Primeiro, o ciclo de alta foi feito de forma
mais rápida e intensa, com um choque na Selic anunciado em dezembro, que no
total somou 3 pontos percentuais. Como o ajuste nos juros foi feito de forma
mais concentrada no tempo, deve ser necessário esperar mais para ver os efeitos
aparecerem — e sempre há dúvidas sobre se sua repercussão na economia vai
repetir a observada no passado.
O outro motivo provável para manter a
possibilidade de alta de juros é que, hoje, o balanço de riscos para a inflação
tem o que se chama de “caudas gordas” — ou seja, riscos extremos maiores que o
usual.
Em particular, há o risco no cenário externo,
ligado à guerra tarifária de Trump, à política monetária nos Estados Unidos e à
guerra no Oriente Médio.
E também há o risco fiscal.

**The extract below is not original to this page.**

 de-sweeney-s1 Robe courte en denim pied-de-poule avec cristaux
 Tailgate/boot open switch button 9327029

Muitos analistas
receiam que o governo Lula faça uma expansão fiscal para se contrapor à
desaceleração econômica que será provocada pela alta de juros. O BC tem dito
que não pode agir de forma preventiva a um fato que é apenas um risco, mas tem
prometido fazer o que for necessário caso ele se concretize.
Tudo isso coloca um viés na taxa de juros,
que contribui para o mercado não concentrar as suas apostas apenas no lado da
baixa da taxa Selic. Mas há também a mensagem propriamente dita de manutenção
dos juros por um período longo.
O Copom já havia avisado que iria manter os
juros em patamar significativamente contracionista por período prolongado.

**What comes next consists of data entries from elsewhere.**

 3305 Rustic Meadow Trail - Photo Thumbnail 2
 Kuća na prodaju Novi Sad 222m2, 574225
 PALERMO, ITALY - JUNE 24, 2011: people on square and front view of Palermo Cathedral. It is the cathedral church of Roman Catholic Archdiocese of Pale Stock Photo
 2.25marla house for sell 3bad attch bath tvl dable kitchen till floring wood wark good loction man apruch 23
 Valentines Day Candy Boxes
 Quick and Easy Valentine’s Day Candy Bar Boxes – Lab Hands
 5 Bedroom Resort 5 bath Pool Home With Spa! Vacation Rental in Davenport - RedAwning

Agora, dá um passo além, dizendo que esse período, na verdade, é “bastante”
prolongado.
Não chega a ser surpresa a qualificação
adicional da mensagem. O presidente do BC, Gabriel Galípolo, havia dito que as
condições atuais demandam juros altos por mais tempo que em ciclos anteriores.

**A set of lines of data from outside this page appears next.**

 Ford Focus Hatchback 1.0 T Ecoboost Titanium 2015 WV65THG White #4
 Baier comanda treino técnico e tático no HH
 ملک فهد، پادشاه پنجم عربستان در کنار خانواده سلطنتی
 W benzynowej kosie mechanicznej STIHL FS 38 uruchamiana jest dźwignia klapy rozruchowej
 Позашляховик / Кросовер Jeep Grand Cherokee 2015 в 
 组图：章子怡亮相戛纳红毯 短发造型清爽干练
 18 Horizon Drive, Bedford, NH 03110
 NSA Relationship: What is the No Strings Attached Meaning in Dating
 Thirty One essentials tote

O diretor de organização do sistema financeiro e resolução do BC, Renato Gomes,
disse em entrevista ao Valor que
esse aperto prolongado leva em consideração o estado atual de desancoragem das
expectativas.
De fato, o Copom disse e repetiu nas atas que
um ambiente de desancoragem exige o aperto monetário por um período mais
prolongado do que numa situação em que as expectativas estejam ancoradas na
meta.
Em outros tempos, o BC daria pelo menos um
sinal indireto do tempo em que os juros teriam que ficar parados por meio de
uma projeção condicional de inflação com juros estáveis. No comunicado, há
apenas o cenário que incorpora o afrouxamento de juros previsto pelo mercado no
boletim Focus. Nesse cenário, a inflação fica em 3,6% em 2026, acima do alvo do
BC, que é de 3%.
Sem uma projeção – será preciso ver se haverá
novidades na ata e no Relatório de Política Monetária – o horizonte para o
afrouxamento fica em aberto. Isso está alinhado com a estratégia do BC de, num
ambiente de incertezas, não fazer indicações muito precisas sobre os seus
passos futuros, que inevitavelmente são entendidas como promessas.
No fim, o período de aperto deverá ser
determinado pela evolução do cenário, ou seja, se a inflação vai ou não
caminhar para a meta. O comitê deve reagir a essas informações que forem
aparecendo pelo caminho, ajustando-se às mudanças de cenário para, ao final,
fazer a meta de inflação ser cumprida.